So even though we've been in the Caribbean ten days now, today was our first beach day. It was glorious! We are staying at the Relax Resort in Montego Bay, and as it is unfortunately too far to walk into town or to the beach, we took the first shuttle of the day and were let off at the famous Doctor's Cave Beach. The shuttle was scheduled to leave at 10AM; Laila and I were ready early, but two other guests had left their beach towels in their third floor room. There are no elevators here, and climbing up so many steps in the heat is not so easy; neither one of them wanted to go back up. With a disgusted look on his face, our punctual driver said that while they were retrieving their towels he would go take a shower and drop us off on his way to church. Jamaicans as well as Dominican Republicans have attitude! So Laila and I had to wait longer until our clean and well dressed driver returned. The forgetful couple never even apologized for holding the shuttle up, but finally we got to the beautiful and still quite empty beach.
The sun is so potent here we decided to rent an umbrella, 750 Jamaican dollars or $6 US. A deal. A young worker carried out a large blue striped umbrella over to a far spot that we had chosen on the beach and he went about setting it up for us. We laid out our towels and sat down, but I couldn't sit for very long; the gorgeous turquoise waters were calling me to come in. So I went. I swam as far out as the buoys allowed, but they were very far out so I didn't feel at all restrained or enclosed. No one else was swimming that far out; I had that part of the Caribbean Sea just to myself. Heaven! I love to swim in the ocean; it is one of the ultimate pleasures in life. Finally I made myself swim back to shore; it was Laila's turn to enjoy the water while I watched our belongings. Such a delightful morning!
But for many of those hours we had been watching heavy dark clouds build up and move over the relatively distant mountains, and when we saw lightning and heard thunder we decided to move to the covered terrace, a bit of a walk away since we were at the very far end of the beach. Some people stayed in the water, but when I was a lifeguard many summers ago I had learned that when you hear thunder, get everyone out of the water. Apparently Jamaicans do not follow this rule, but I still think it's a good one.
The torrential downpours lasted a few hours. We used this time to eat lunch at a little Jewish restaurant that was very vegan-friendly, and that served Jerk Falafel. Both of us had really wondered what Jamaican Jerk Chicken tasted like, so this was our opportunity to try vegan Jerk something; why not falafel? It was beyond delicious! Jerk Falafel is so wonderful we might go back to this same restaurant tomorrow. Wow is the only word that comes to mind in describing this taste.
While we were enjoying our spicy lunch the skies were clearing and the rain had almost stopped. We walked back up the "hip strip" to Doctor's Cave Beach and found that our umbrella had been taken away as we had not left our towels there to get soaked in the rain.
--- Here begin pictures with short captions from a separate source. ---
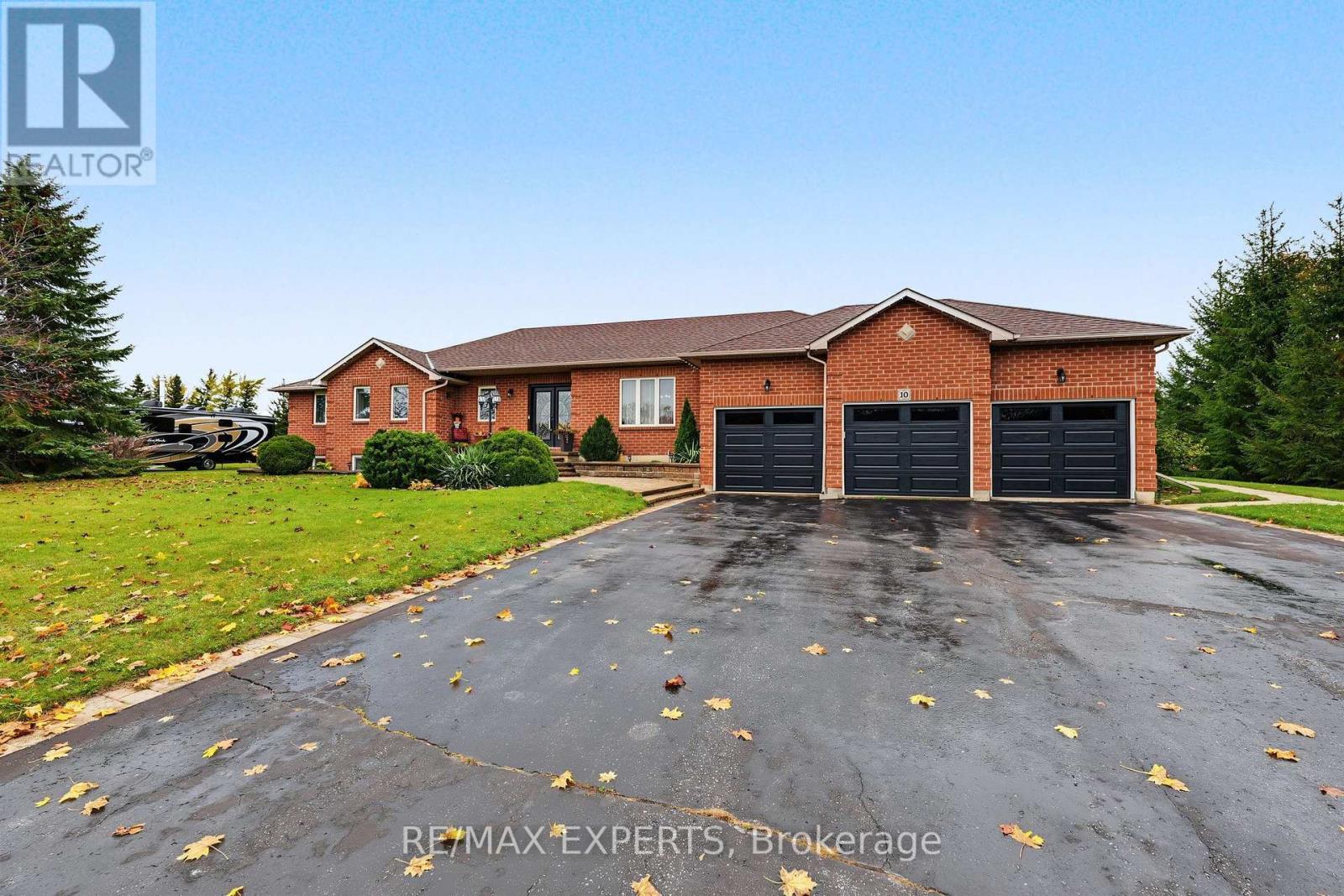 10 LIMOSANO STREET, Scugog — photo 3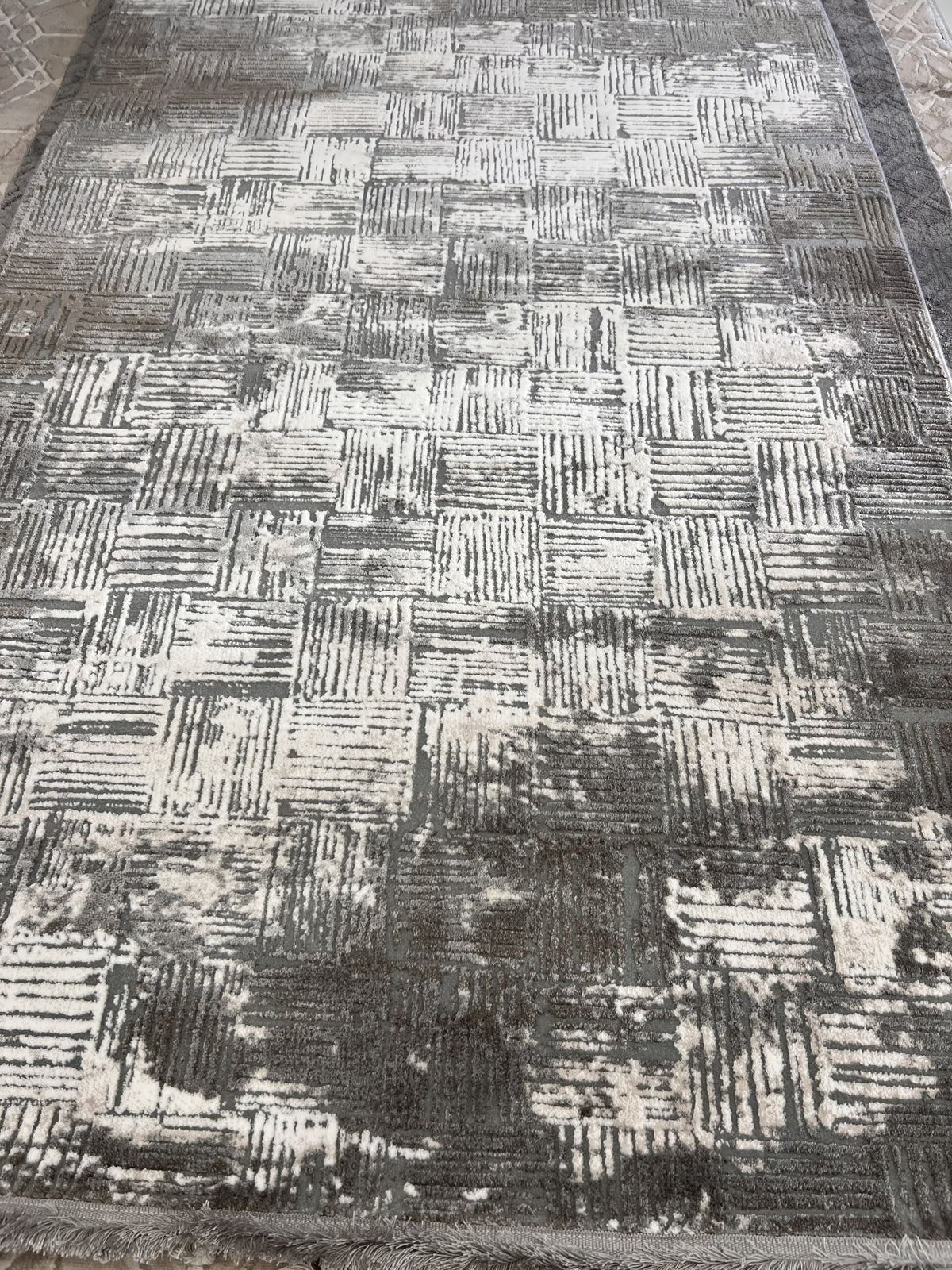 Pattern 9529 Grey Beige Area Rug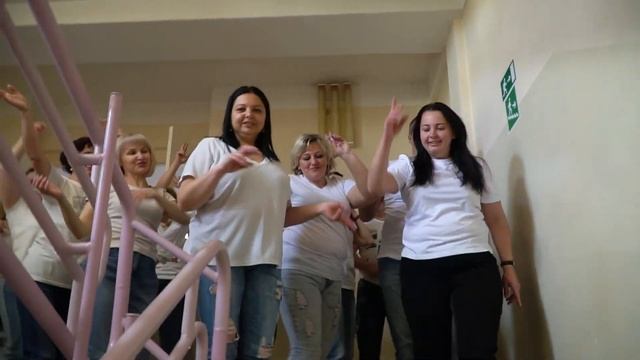 Клип-подарок выпускникам! Сюрприз от родителей. Гомель 2022. смотреть онлайн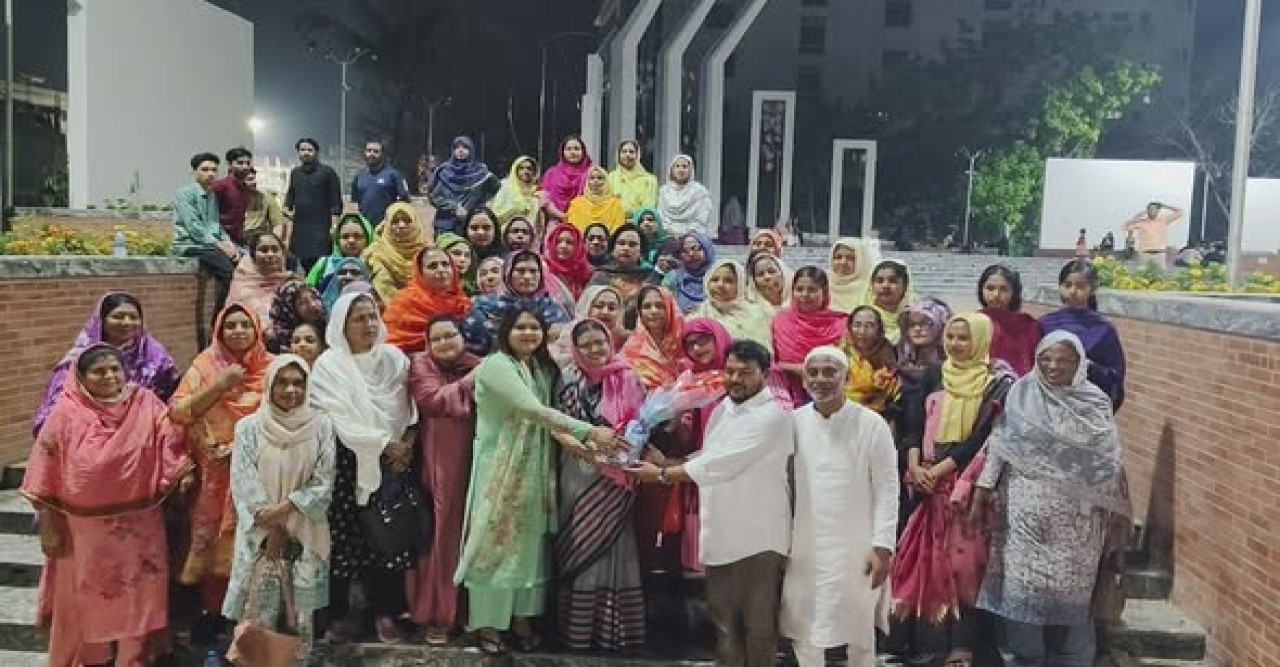 কেন্দ্রীয় শহীদ মিনারে রাসিক প্রশাসক রিটনের সাথে মহানগর বিএনপি ও মহিলা দলের সৌজন্য সাক্ষাৎ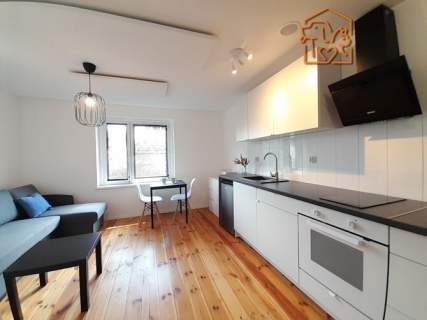 Tomasza 5, Brynów, jasne studio, pet friendly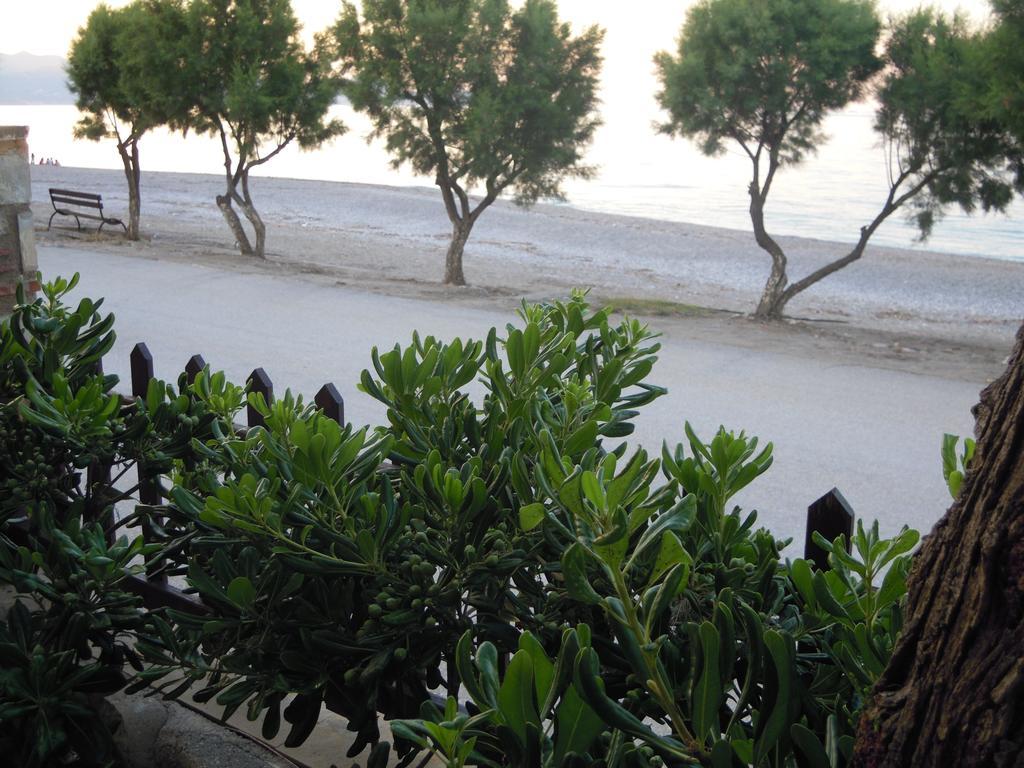 Almirikia Apartments มอร์เตรี ภายนอก รูปภาพ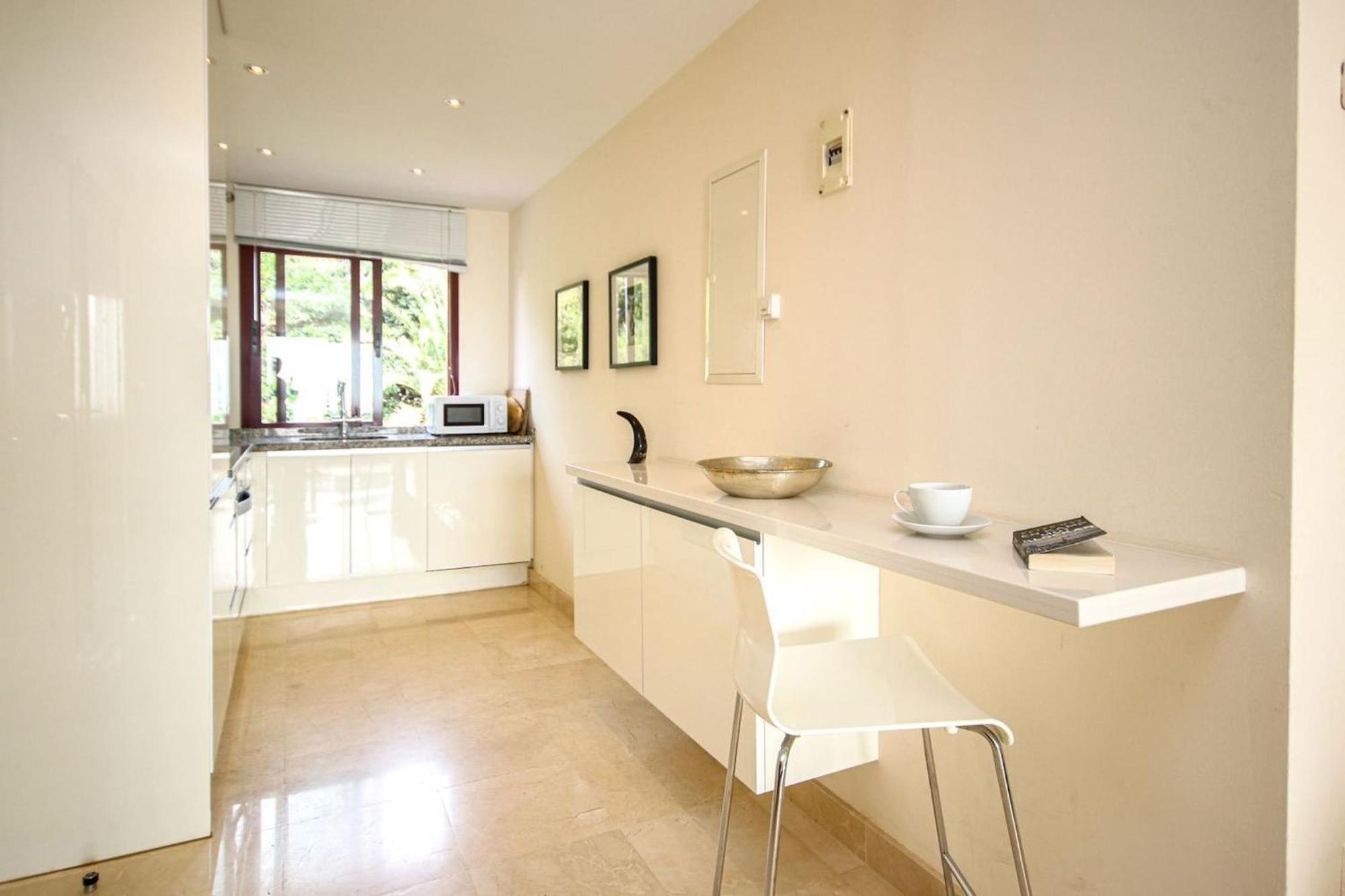 Apartment Penthouse Great Sea Views & Access Estepona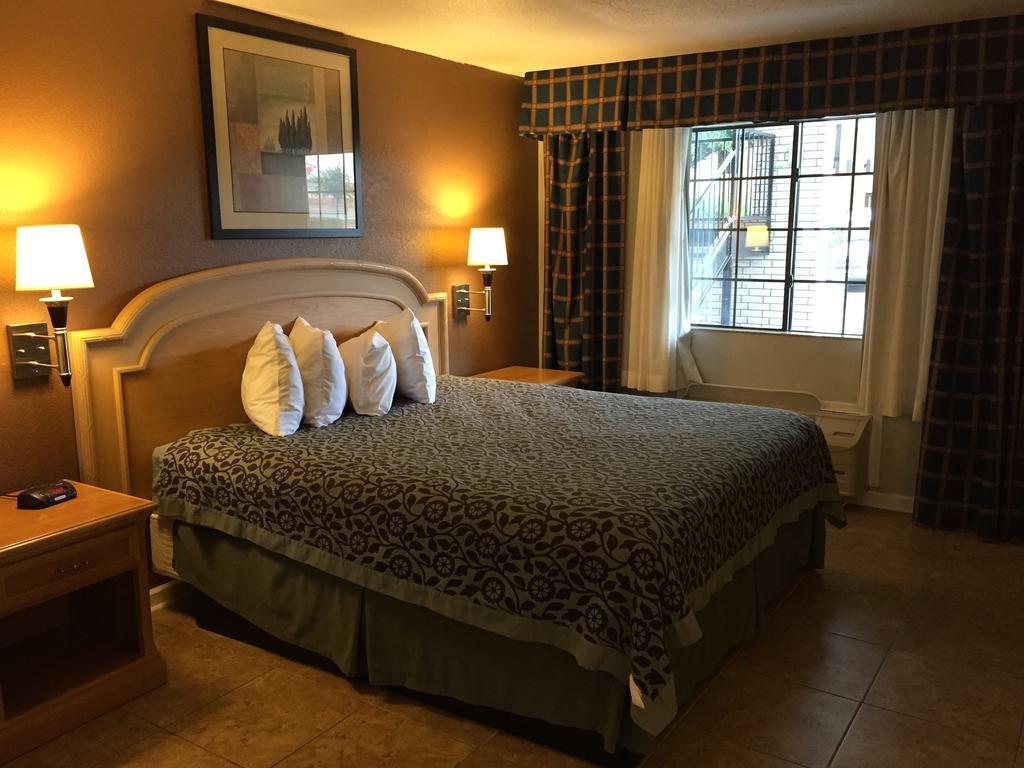 King Room with Roll-In Shower - Mobility Access/Non-Smoking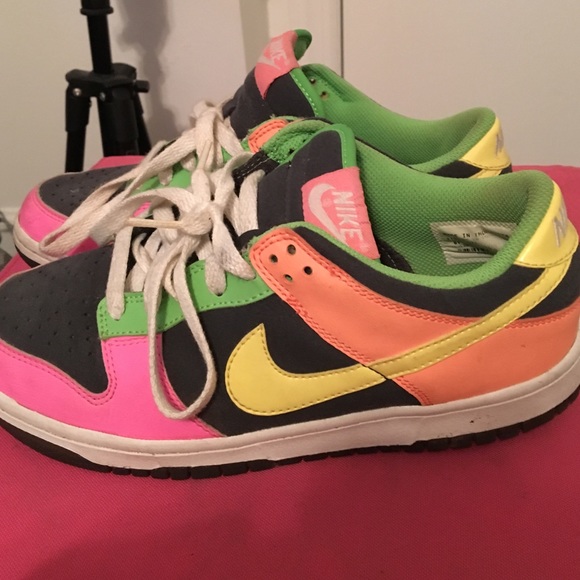 Highlighter Dunks - Picture 2 of 4
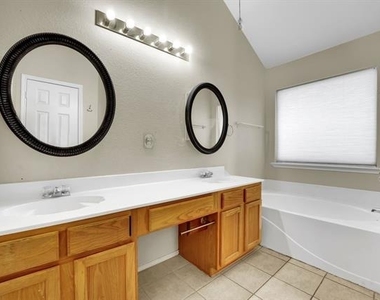 1708 Windcastle Drive - Photo Thumbnail 25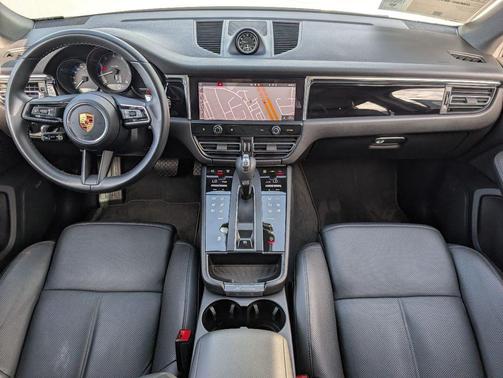 2023 Porsche Macan 
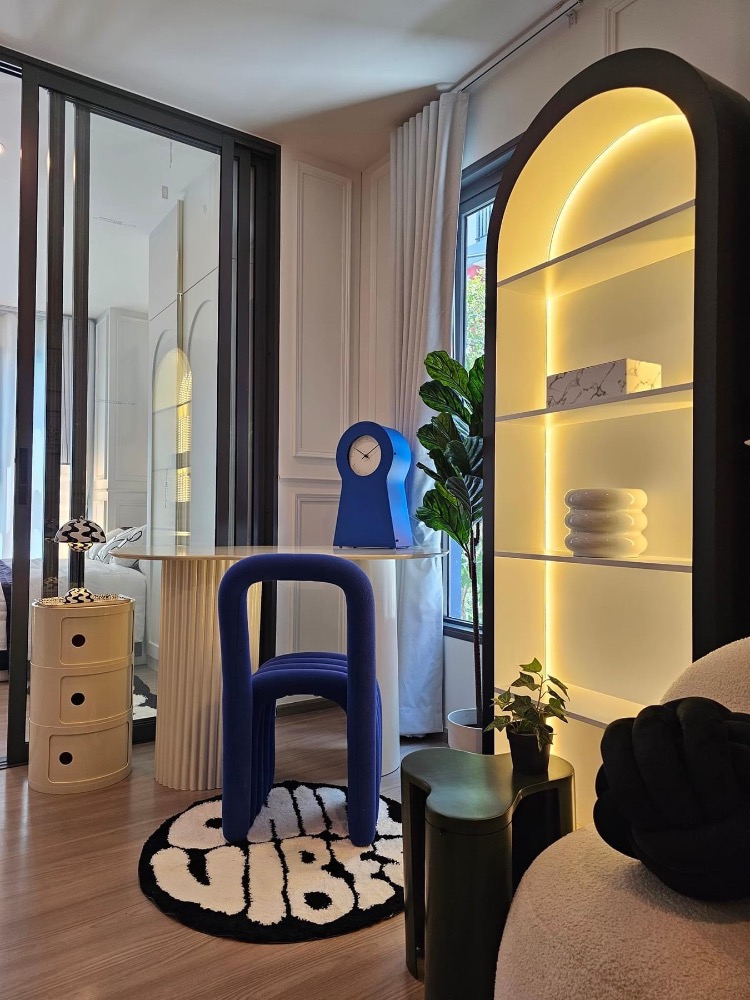 For RentCondoKasetsart, Ratchayothin : For rent: Aspire Ratchayothin, new room, beautiful, exactly the same, 1 bedroom, corner room, pool view, near BTS Ratchayothin 350 m., free shuttle available**Line: 0863649888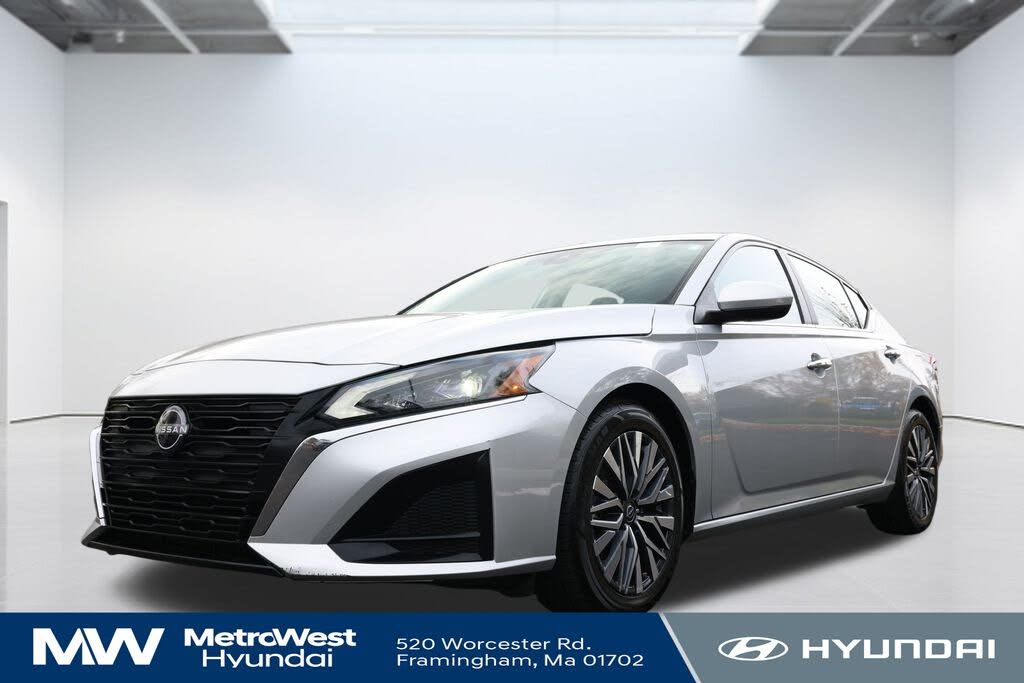 2023 Nissan Altima 2.5 SV FWD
No worries: another beach employee brought us a different one, a red umbrella this time, plus he also dragged over two beach lounge chairs. So we sat like royalty while digesting our lunch, and then I couldn't wait any longer and went back in the water. I swam all the way out to the buoys again, but this time the current was running in the opposite direction. In Thailand I always used to play in the ocean, kicking up over high waves, trying to keep sight of where I had entered the water as currents pulled me one way or another, sometimes very far down the beach. These Caribbean currents and waves were much more docile so it was an easy, pleasant swim back to land. Laila had her turn and then we just sat and watched all the families who had come out after the rain, to enjoy a Sunday afternoon at the beach. Children were everywhere, mostly dark skinned, but a few white or blended, all playing together. Many families here seem to be mixed, so the children are all shades of brown, from the very fair and pale to the darkest almost black. It is a beautiful sight.